Create Your Bean Factory

Note: These examples use ColdSpring, but as of Taffy 1.3, DI/1 is also supported.

In Application.cfc ~> applicationStartEvent() create your bean factory instance, and set it into variables.framework:

function applicationStartEvent() {
    var beanFactory = createObject("component", "coldspring.beans.DefaultXMLBeanFactory");
    beanFactory.loadBeans('config/coldspring.xml');

    //set bean factory into Taffy
    variables.framework.beanFactory = beanfactory;
}

If you set a bean factory like this, and do not put anything into the /resources folder, then Taffy will use the external factory to get your resources, and will assume that all dependency injection has already been taken care of by that framework. Learn more about this in Use an external bean factory like ColdSpring to completely manage resources.

In this example, however, we're going to put a resource CFC into the /resources folder, with a dependency defined, so that Taffy will inject the depended-on bean from ColdSpring.

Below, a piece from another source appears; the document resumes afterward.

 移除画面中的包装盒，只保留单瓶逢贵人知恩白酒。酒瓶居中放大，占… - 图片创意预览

Use a setter to have the dependency injected at runtime

In /resources/artfartCollection.cfc:

    <cfcomponent extends="taffy.core.resource" taffy_uri="/artfarts">

        <cffunction name="get" access="public" output="false">
            <cfreturn representationOf(variables.fakeData.getData()) />
        </cffunction>

        <!--- this will be called by the bean factory's autowire functionality --->
        <cffunction name="setFakeData" access="public" output="false" returnType="void">
            <cfargument name="fakeDataObj" type="any" required="true" hint="Shared FakeData object" />
            <cfset variables.fakeData = arguments.fakeDataObj />
        </cffunction>

    </cfcomponent>

Here we have a method named setFakeData. Because it begins with the word "set", Taffy asks your external bean factory if it has a bean by the name of "fakedata". If it does, then the bean is requested, and Taffy passes it to the setter.

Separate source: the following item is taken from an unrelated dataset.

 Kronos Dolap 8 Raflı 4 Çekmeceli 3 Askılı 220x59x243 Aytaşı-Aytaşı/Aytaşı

When requests are made and the resource is used to handle them, the dependency has already been set and you may reference it; as the above example does in its get method: return representationOf(variables.fakeData.getData()).

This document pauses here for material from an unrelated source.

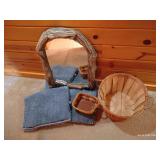 Mirror, Baskets & Bath Mats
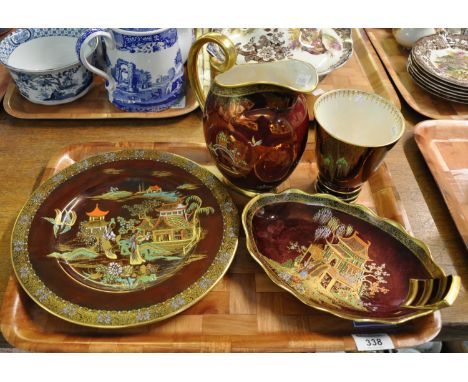 Tray with four Carlton Ware 'Rouge Royale' items: large plate, jug, vase and small serving platter, all decorated in deep red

Alternative to setters: Properties

Instead of writing custom setters for everything you want injected, you can simply add properties to your resource CFCs:

component extends="taffy.core.resource" taffy_uri="/foo" {

    property name="fakeData";

    public function get() output="false" {
        return representationOf( this.fakeData.getData() );
    }
}

The caveat to this approach is that properties live in the this scope; whereas when writing your own setters you could choose to set the value into either this or variables.

About Caching

Resource CFC's are stored in memory, so this operation only happens on startup (onApplicationStart) or on API reload (index.cfm?reload=true -- The key and password can be changed, these are the defaults). If you make a change to a dependency or a Taffy resource, it will not take effect until the next reload.

The load order is:

  1. Your values from variables.framework are inspected and overwrite any defaults that your values would conflict with.
  2. configureTaffy() is called (in Application.cfc)
  3. If /resources convention folder exists and contains CFC's, Taffy Factory is created and populated.
    • If an external bean factory has been specified, dependencies are further-resolved (after /resources resolutions) using external bean factory.
  4. If external bean factory has been set (and nothing in /resources) then resource classes are loaded from external bean factory under the assumption that their dependencies are already resolved.
  5. If the /resources folder doesn't exist and an external bean factory hasn't been set, a getting started message is shown with links to various wiki pages.

A Note on Managing Serializers with your Bean Factory

If you choose to manage it with ColdSpring or another Dependency Injection framework, you need to ensure that your Serializer is configured as a transient. If you don't, you may experience thread-safety issues.